Expressionismus (1910-1923)

Die Steine feinden
Fenster grinst Verrat
Äste würgen
Berge Sträucher blättern raschlig
Gellen
Tod.

August Stramm: »Patrouille« (Gedicht, 1919)

Der Expressionismus ist eine jugendliche Protestbewegung gegen die erstarrten Konventionen der wilhelminischen Väter-Generation und die inhaltsleere, gekünstelte Geheimniskrämerei, wie sie von den Symbolisten gepflegt wird. Das gesteigerte Ausdrucksbedürfnis sucht nach neuen Formen und erzielt so eine schockartige Wirkung beim Publikum.

Epochenbegriff

Der Begriff führt zurück auf das lateinische Verb expremere, das »ausdrücken« bedeutet und sich zusammensetzt aus ex »(her)aus« und premere »drücken, pressen«. Zum ersten Mal wird der Ausdruck Expressionismus 1911 für Werke der bildenden Kunst verwendet, und zwar zur Bezeichnung der anti-naturalistischen Maler Braque und Picasso, die an der Berliner Secessions-Ausstellung teilnehmen. Der Schriftsteller Kurt Hiller überträgt den Begriff in der Folge auf die Literatur, weil er im übersteigerten Ausdruckswillen eine Gemeinsamkeit sieht.

Zeitgeschichte

Die Nervosität in Europa steigt weiter: Das von Wilhelm II. initiierte Wettrüsten intensiviert sich, obschon es seit Langem keinen Krieg der Großmächte mehr gegeben hat. Die Großstädte wachsen, während die Arbeitslosigkeit zunimmt. Erklärte Fortschrittsoptimisten stehen Weltuntergangspropheten gegenüber, die im Halleyschen Kometen 1910 und im Untergang der Titanic 1912 deutliche Zeichen für das nahende Ende sehen. Die Fronten zwischen links und rechts verschärfen sich, die politischen und militärischen Spannungen auf dem Balkan nehmen zu.

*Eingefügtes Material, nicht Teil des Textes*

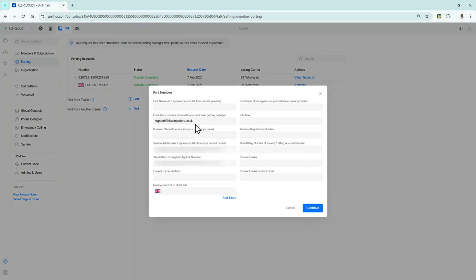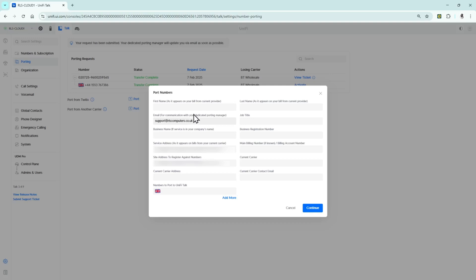In here we're going to go through and complete all these boxes. It's important that you complete all this information otherwise the number port will either be delayed or it will just fail. You need to put in details like first name, email address, business name, and address.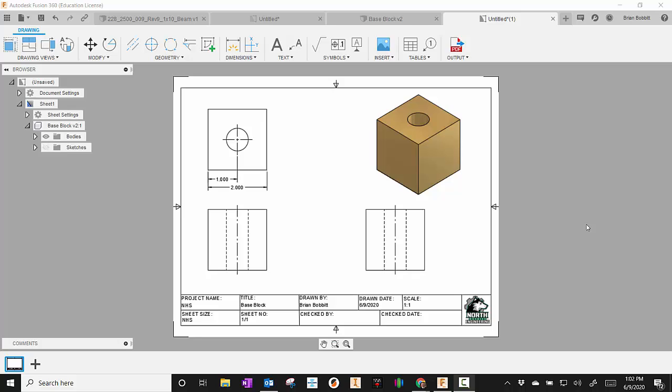Today, our main topic is going to be how to create a custom title block using Fusion 360. So this is kind of an example of what our final product will look like.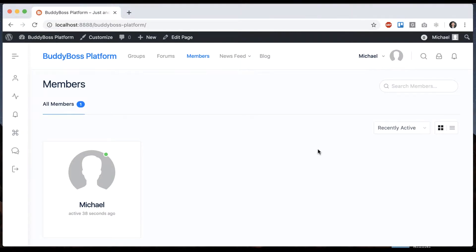In this tutorial I'm going to show you how to log in as other members in your network so that you can experience the site through their perspective.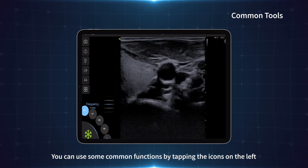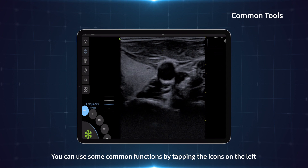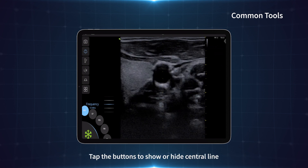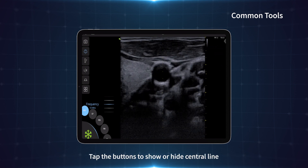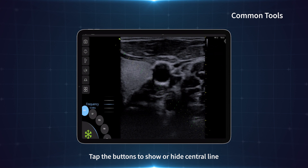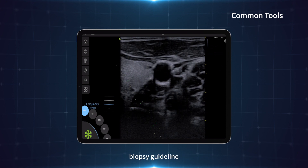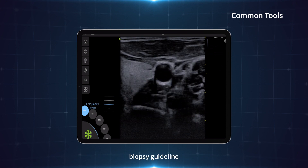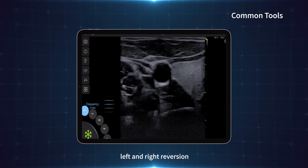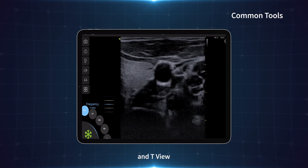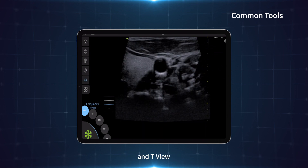You can use some common functions by tapping the icons on the left. Tap the buttons to show or hide the central line, biopsy guideline, left and right reversion, and anti-view.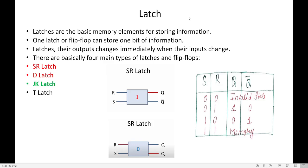Good morning students. Let us look into the next topic called JK latch. Before getting into JK latch, let us understand what a latch is. A latch is a memory element which is used to store either 1 or 0 — a single bit of information. We have already seen SR latch and D latch.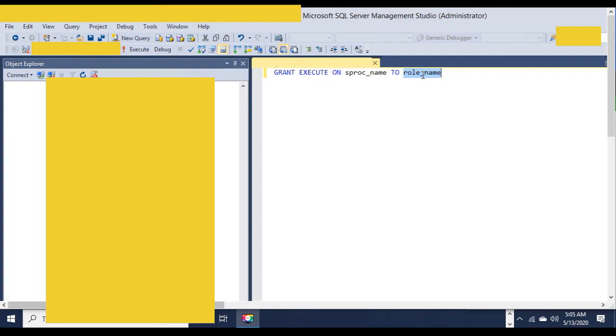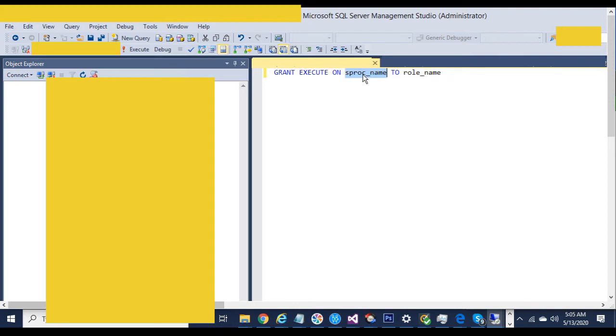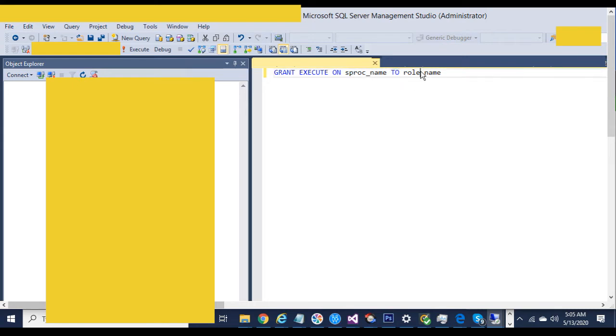Here is how to give a role privilege to execute a stored procedure. You just go grant, execute on, name of stored procedure, to, and then the name of the role. And that's it.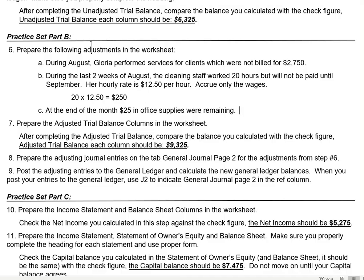We prepared our adjustments in the worksheet, prepared our adjusted trial balance columns to make sure all debits and credits balanced out, prepared the adjusting journal entries in the general journal page two — that's why we referenced J2 — and posted all entries to the general ledger and calculated our new balances. Step B is now complete.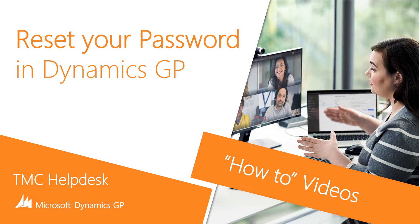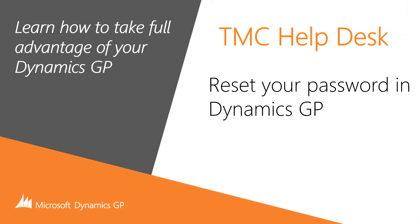In this TMC Help Desk video, we'll cover how to change your password in Dynamics GP. Just a few simple steps to change your password. Let's get started.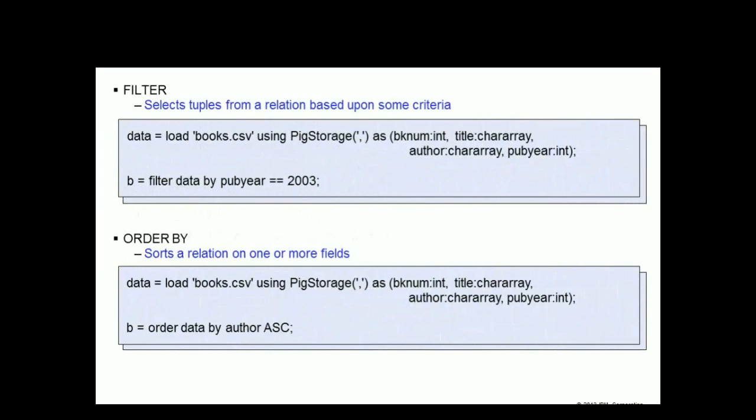The filter operator selects tuples from a relation based upon a specified criteria. For example, if we had a relation called data which has a field called pubyear, then b equals filter data by pubyear equals 2003 would return those tuples where the value of pubyear is equal to 2003.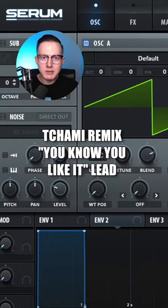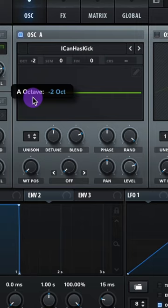Let's make the lead to the Chami remix if you know you like it. Select Saw Wave, lower the octave to negative 2. Oscillator A, let's do digital icon has kick. Lower the octave to negative 3. Adjust that fine tuning a tiny bit.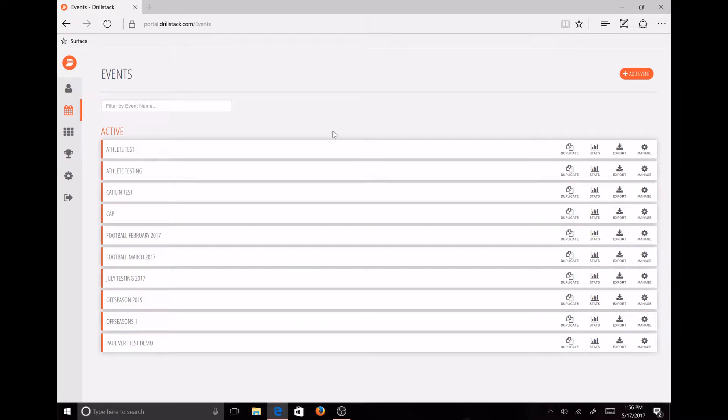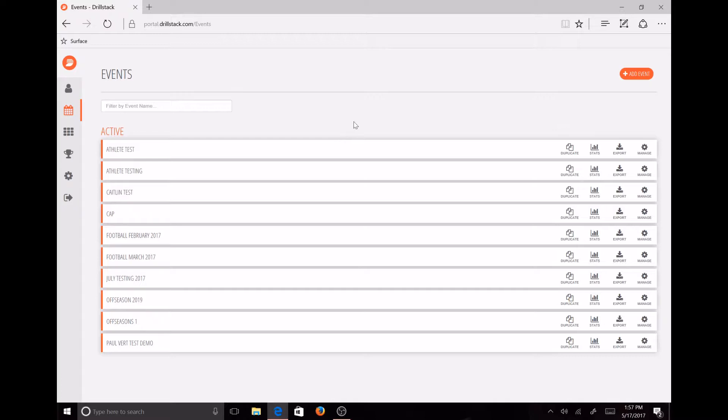As an event manager, if you want to add multiple judges or coaches to help score the athletes without being in the event manager section, they'll just have access to the scorecards.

In dieser aufgeladenen Atmosphäre genügt eine Funke, um das Pulverfass zum Explodieren zu bringen. Das Attentat auf den österreichischen Thronfolger Franz Ferdinand und seine Gattin 1914 in Sarajewo sind Anlass für eine kriegerische Auseinandersetzung zwischen Österreich-Ungarn und Serbien, die sich infolge verschiedener Bündnisverpflichtungen zum Weltkrieg ausweitet. Die kollektive Euphorie der in ›Nibelungentreue‹ verbündeten Staaten Deutschland und Österreich ist groß. Die allgemeine Euphorie lässt aber schon nach wenigen Wochen nach und schlägt in illusionslose Ernüchterung um. Die Mittelmächte werden zerrieben in ebenjenem Zweifronten-Krieg zwischen Frankreich und Russland, den sie verhindern wollten.

Zum ersten Mal wird ein Krieg mit industriellen Massenvernichtungswaffen ausgetragen. Die Folge ist ein noch nie dagewesenes Maß an Brutalität und Zerstörung, 10 Millionen Tote und 20 Millionen Verwundete. Es handelt sich um die Traumatisierung einer ganzen Generation. Kurz vor Kriegsende bricht unter den deutschen Matrosen, die zu einem sinnlosen letzten Gefecht auslaufen sollen, eine Meuterei aus. Es kommt zur Novemberrevolution. Der Kaiser und alle Fürsten müssen abdanken. Wilhelm II. wird ins Exil nach Holland gezwungen. In Deutschland wird eine Republik ausgerufen.

Literaturepoche

Weder auf Technik noch auf Stil kommt es an. [...] Wir sind Expressionisten. Es kommt uns wieder auf den Gehalt, das Wollen, das Ethos an.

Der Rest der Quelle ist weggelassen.